Une application importante de
cette relation entre la nature et la Grâce se retrouve dans la théologie morale
de saint Thomas d'Aquin, qui apparaît d'une grande actualité. Au centre de son
enseignement dans ce domaine, il place la loi nouvelle, qui est la loi de
l'Esprit Saint. Avec un regard profondément évangélique, il insiste sur le fait
que cette loi est la Grâce de l'Esprit Saint donnée à tous ceux qui croient
dans le Christ. A cette Grâce s'unit l'enseignement écrit et oral des vérités
doctrinales et morales, transmises par l'Eglise. Saint Thomas, en soulignant le
rôle fondamental, dans la vie morale, de l'action de l'Esprit Saint, de la
Grâce, dont jaillissent les vertus théologales et morales, fait comprendre que
chaque chrétien peut atteindre les autres perspectives du «Sermon sur la
montagne» s’il vit un rapport authentique de foi dans le Christ, s'il s'ouvre à
l'action de son Saint Esprit. Mais — ajoute saint Thomas d'Aquin — «même si la
grâce est plus efficace que la nature, la nature est plus essentielle pour
l'homme» (Summa Theologiae, Ia, q.29. a. 3), c'est pourquoi,
dans la perspective morale chrétienne, il existe une place pour la raison, qui
est capable de discerner la loi morale naturelle. La raison peut la reconnaître
en considérant ce qu'il est bon de faire et ce qu'il est bon d'éviter pour
atteindre le bonheur qui tient au cœur de chacun, et qui impose également une
responsabilité envers les autres, et donc, la recherche du bien commun. En
d'autres termes, les vertus de l'homme, théologales et morales, sont enracinées
dans la nature humaine. La Grâce divine accompagne, soutient et pousse
l'engagement éthique, mais, en soi, selon saint Thomas, tous les hommes,
croyants et non croyants, sont appelés à reconnaître les exigences de la nature
humaine exprimées dans la loi naturelle et à s'inspirer d'elle dans la
formulation des lois positives, c'est-à-dire de celles émanant des autorités civiles
et politiques pour réglementer la coexistence humaine.

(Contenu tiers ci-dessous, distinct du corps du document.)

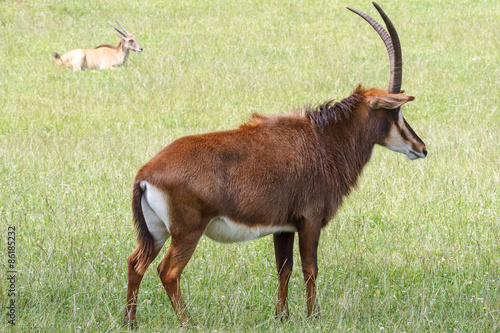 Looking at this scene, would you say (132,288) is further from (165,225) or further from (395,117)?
(395,117)

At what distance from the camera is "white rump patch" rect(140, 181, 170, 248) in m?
4.11

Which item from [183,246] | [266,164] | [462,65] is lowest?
[183,246]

Lorsque la loi naturelle et la
responsabilité qu'elle implique sont niées, on ouvre de façon dramatique la
voie au relativisme éthique sur le plan individuel et au totalitarisme de
l'Etat sur le plan politique. La défense des droits universels de l'homme et
l'affirmation de la valeur absolue de la dignité de la personne présupposent un
fondement. Ce fondement n'est-il pas la loi naturelle, avec les valeurs non
négociables qu'elle indique? Le vénérable Jean-Paul II
écrivait dans son encyclique Evangelium
vitae des paroles qui demeurent d'une grande actualité: «Pour l'avenir
de la société et pour le développement d'une saine démocratie, il est donc
urgent de redécouvrir l'existence de valeurs humaines et morales essentielles
et originelles, qui découlent de la vérité même de l'être humain et qui
expriment et protègent la dignité de la personne: ce sont donc des valeurs
qu'aucune personne, aucune majorité ni aucun Etat ne pourront jamais créer,
modifier ou abolir, mais que l'on est tenu de reconnaître, respecter et
promouvoir» (n. 71).
En conclusion, Thomas nous
propose un concept de la raison humaine ample et confiant: ample, car il ne se
limite pas aux espaces de la soi-disant raison empirique-scientifique, mais il
est ouvert à tout l'être et donc également aux questions fondamentales et
auxquelles on ne peut renoncer de la vie humaine; et confiant, car la raison
humaine, surtout si elle accueille les inspirations de la foi chrétienne, est
promotrice d'une civilisation qui reconnaît la dignité de la personne, le
caractère intangible de ses droits et le caractère coercitif de ses devoirs. Il
n'est pas surprenant que la doctrine sur la dignité de la personne,
fondamentale pour la reconnaissance du caractère inviolable de l'homme, se soit
développée dans des domaines de pensée qui ont recueilli l'héritage de saint
Thomas d'Aquin, qui avait une conception très élevée de la créature humaine. Il
la définit, à travers son langage rigoureusement philosophique, comme «ce qui
se trouve de plus parfait dans toute la nature, c'est-à-dire un sujet
subsistant dans une nature rationnelle» (Summa Theologiae, Ia,
q. 29, a.
3).
La profondeur de la pensée de
saint Thomas d'Aquin découle — ne l'oublions jamais — de sa foi vivante et de
sa piété fervente, qu'il exprimait dans des prières inspirées, comme celle où
il demande à Dieu: «Accorde-moi, je t'en prie, une volonté qui te recherche,
une sagesse qui te trouve, une vie qui te plaît, une persévérance qui t'attend
avec patience et une confiance qui parvienne à la fin à te posséder».
* * *
Je suis heureux de vous accueillir, chers
pèlerins de langue française, venus particulièrement de France et de Belgique.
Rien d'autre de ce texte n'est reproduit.